Formative assessment is a process in classrooms for teachers and students to enhance learning while the learning is occurring. It is an ongoing process in which teachers engage in multiple cycles of eliciting students’ ideas, noticing the substance of students’ thinking, interpreting to make sense of students’ ideas, and acting to guide and support learning. When we use a well designed formative assessment in our classroom, it can reveal what our students are thinking about chemistry in rich and unexpected ways.
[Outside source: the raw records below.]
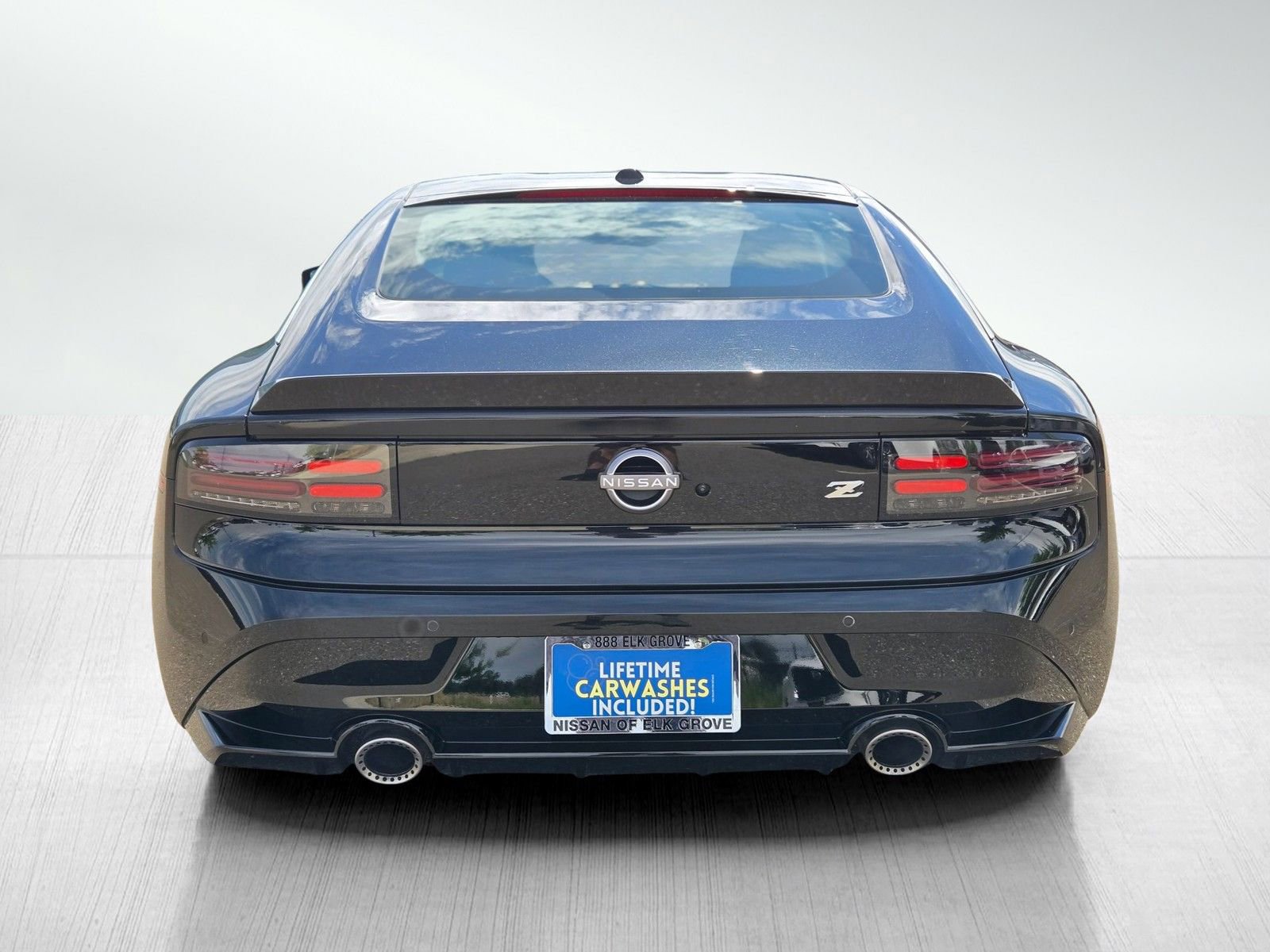 Used 2024 Nissan Z Performance w/ Floor Mat Package RWD image 5
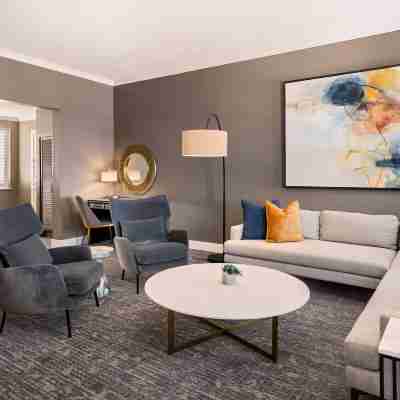 Ambassador Hotel Oklahoma City, Autograph Collection Rooms
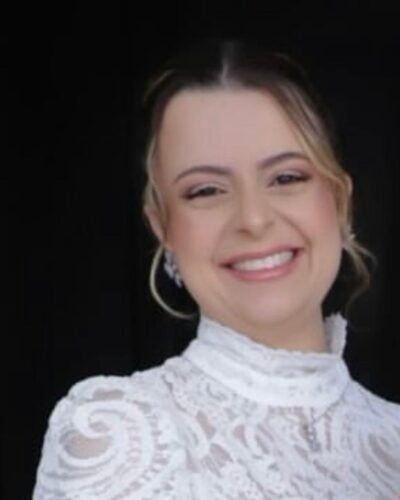 Foto de Joana Kalil sorrindo, paciente com depoimento sobre acompanhamento nutricional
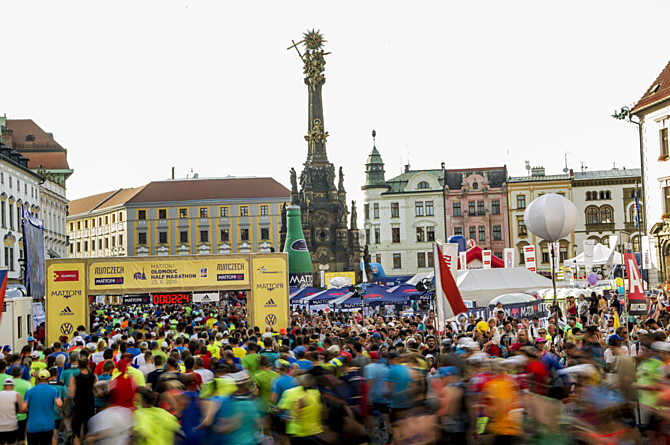 Osmý ročník Mattoni 1/2Maratonu Olomouce odstartuje z Horního náměstí v sobotu 24. června v 19.00. 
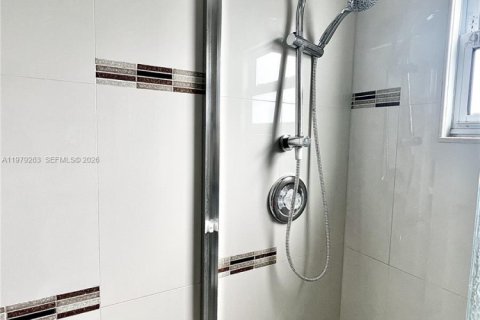 Снять в аренду квартиру в Холливуд, Флорида 1 спальня, № 2046027 - фото 6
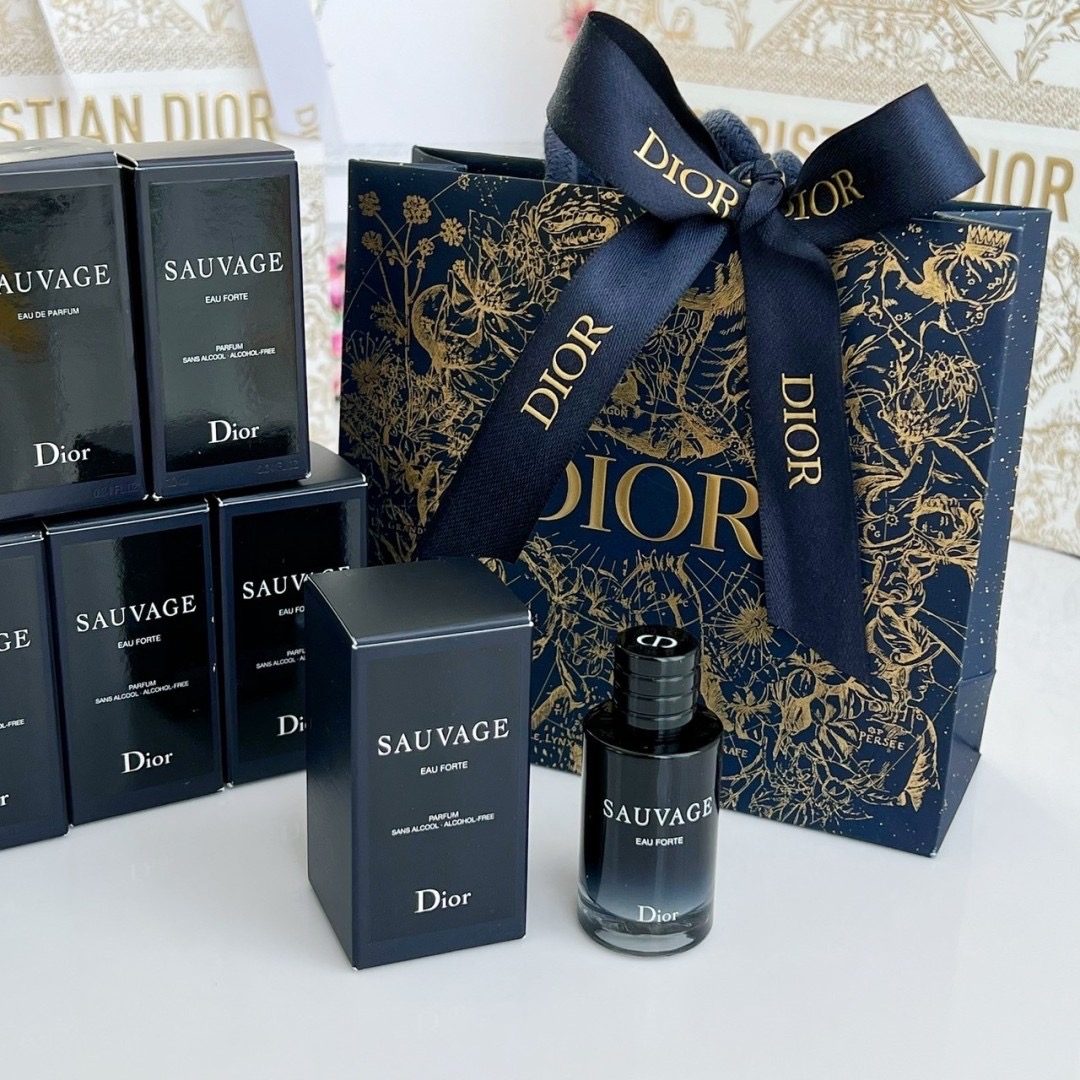 Dior Sauvage Eau Forte ขนาดทดลอง 10 ml หัวแต้ม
Linked in the menu are formative assessment tools that have been designed, tested, and studied by the ACCT Team (indicated by yellow stars) and formative assessment tools that have been developed by teachers who completed the ACCT professional development program. We can use these formative assessments in our classrooms to help foster our students’ chemical thinking. Each formative assessment is aligned with one of the eleven questions of chemical thinking shown in the infographic below. Read more about ACCT formative assessments on our ChemEd X blog.
- What types of matter are there?
- What cues are used to differentiate matter types?
- What properties of matter types emerge?
- How does structure influence reactivity?
- What drives chemical change?
- What determines the outcomes of chemical changes?
- What interaction patterns are established?
- What affects chemical change?
- How can chemical changes be controlled?
- How can the effects be controlled?
- What are the effects of using and producing different matter types?